書籍紹介 源淳子著『遺骨を拾わない・お墓をつくらない」葬送を考える』
同時代社 2024年4月30日刊 本体1400円+税)
このブログの原稿を書いているとき、長年の友人源 淳子さんが近著を送ってくれました。彼女も女性学の教師として大学や女性センター(男女共同参画センター)でご一緒していました。なかでも関西大学ではご一緒の時期が長かったのです。彼女は浄土真宗のお寺の子どもとして生まれで、得度(注)を受けた僧侶でもあるのです。
(注)得度とは、仏教で僧侶となるための儀式・手続きのことで、この儀式を経て一般の在家(ざいけ)から僧侶になります。得度で、仏教の教えを深く学び、他者に広める役割(布教)を担います。

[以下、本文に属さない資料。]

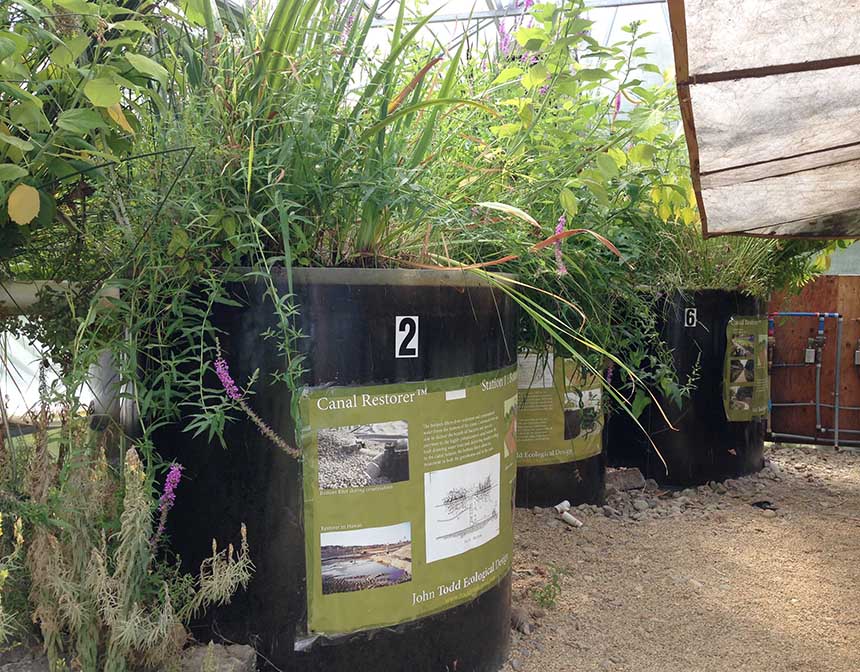 A progression of aquatic cells in the Living Systems Laboratory in South Grafton, Mass., contain native plants that mimic the Blackstone River’s biodiversity and support the regrowth of organisms that cleanse contaminants. (Catherine Sengel/ecoRI News photos)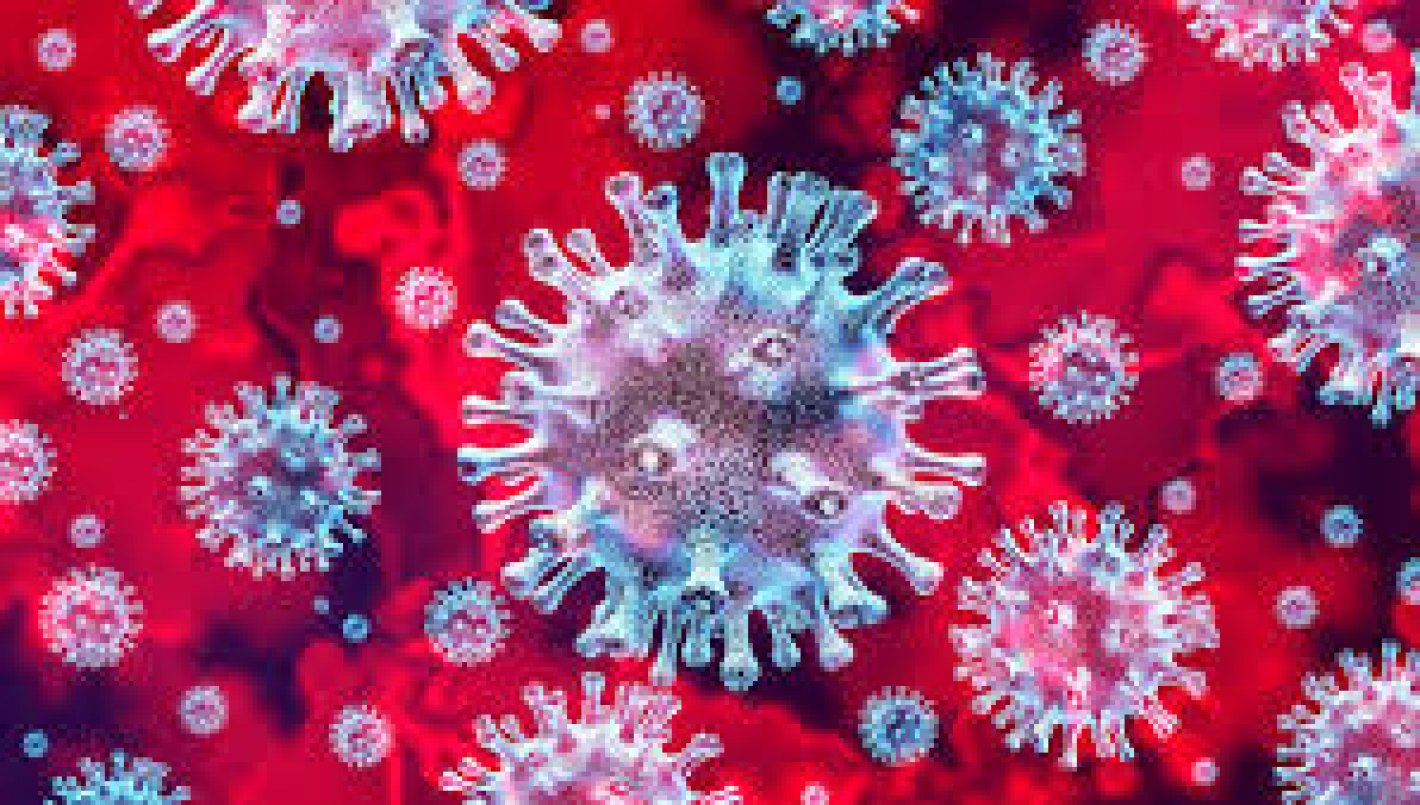 images/lazio/JUDO_IMG/medium/coronavirus.png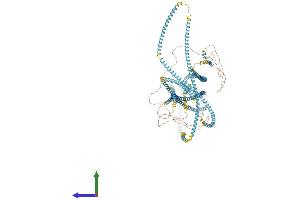 AlphaFold protein structure predicition of Human Recombinant KTN1 Protein, UniprotID Q86UP2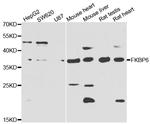 FKBP6 Antibody in Western Blot (WB)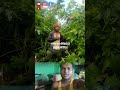 flower aur views nahi mila bala ko video #viral #videoreelsシ #reelsreels #viral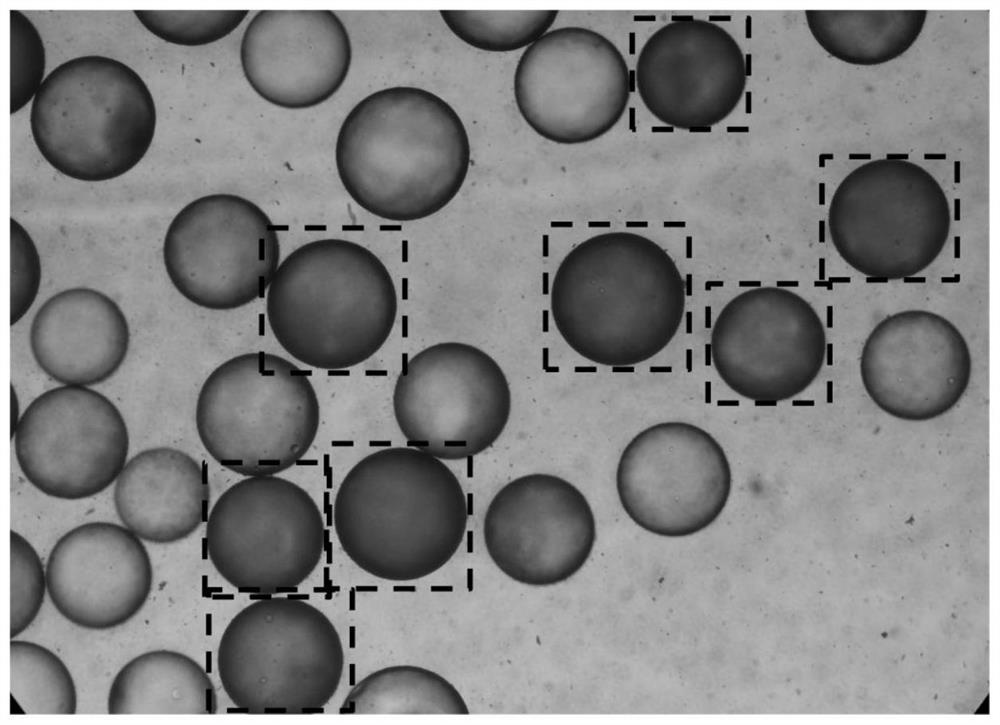 PD-L1 targeting polypeptide as well as preparation method and application thereof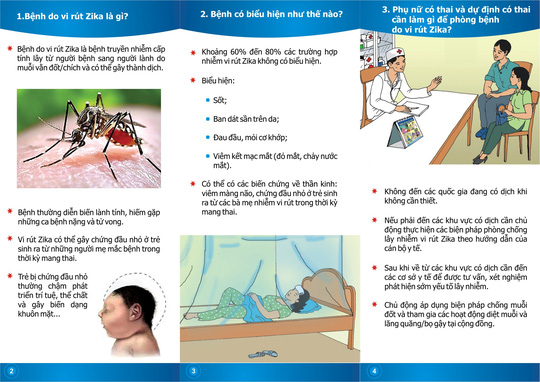 Khuyến cáo của Bộ Y tế với phụ nữ mang thai ứng phó virus Zika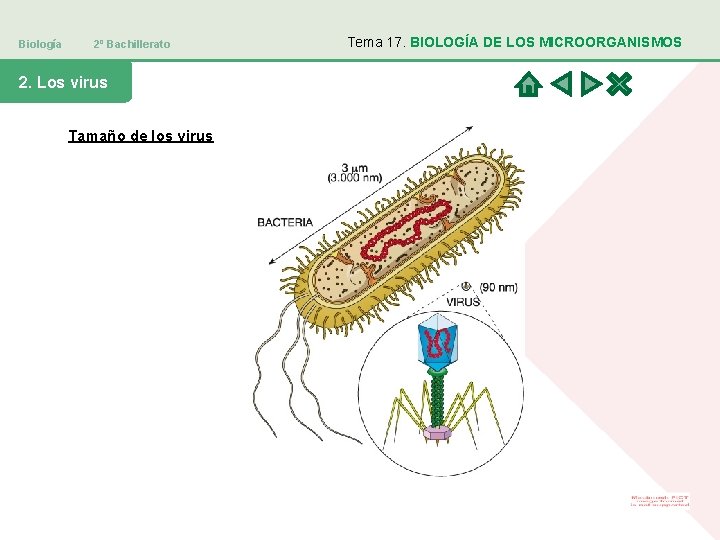 Biología 2º Bachillerato 2. Los virus Tamaño de los virus Tema 17. BIOLOGÍA DE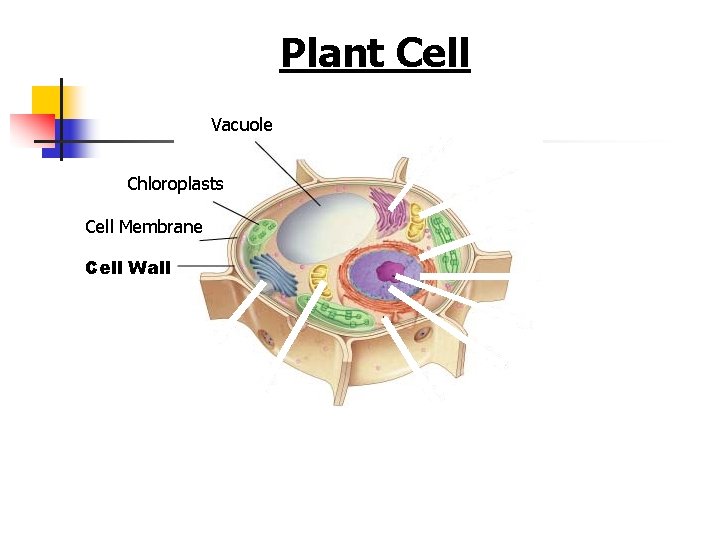 Figure 7 -5 Plant and Animal Cells Plant Cell Section 7 -2 Vacuole Chloroplasts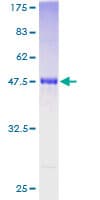 Human RGS4 Protein (Recombinant GST)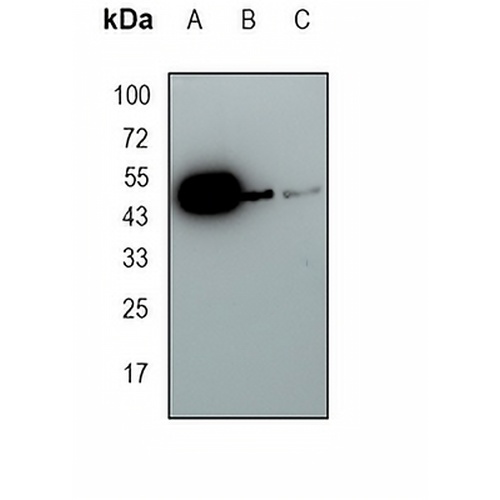 P2Y12 Rabbit Monoclonal Antibody(C1687)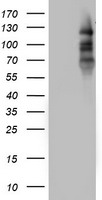 m00541 4 anti progesterone receptor pgr mouse monoclonal antibody clone id oti4b3 wb testing 1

しかしフェミニズムに出会い、仏教の中にある女性差別に気づき始めてからは、ジェンダーの視点で生きることを決意し、信心は持たないと決めたのだそうです。その後知り合った仏教関係の新聞社に勤めていた「つれあい」さんと生活するようになり、彼もフェミニストになっていったそうです。その彼に先立たれるという不幸に直面し、勉強した親鸞の教えと巷のお寺さんの説教・説話との違いを克服する実践行動に出ることになります。「つれあいの遺骨を拾わない」というのも、二人で話し合った結果を実施したということなのです。「骨を拾わない・お墓をつくらない」「無宗教の葬儀」こそが、真の宗教的自立とフェミニズムの結論だといいっています。フェミニズムでいう自立は、経済的自立、生活的自立、精神的自立、性的自立を指しますが、宗教的自立とは、まず宗教を知ること、宗教を学ぶこと、そのうえで信仰を持つ、持たないをきちんと選択することだといいます。宗教を見極める力を持つということです。この第6章は彼女の人生を賭ける圧巻の筆力だと思います。私もこの本を読んで本当にそう思えるようになりました。これから高齢を生きる方にはぜひ読んで頂きたい書籍です。彼女は「つれあい」をなくした直後に「自分らしい終末や葬儀の生前準備」という書籍を著しています。この書籍も実際に役立つことばかりです。お勧めです。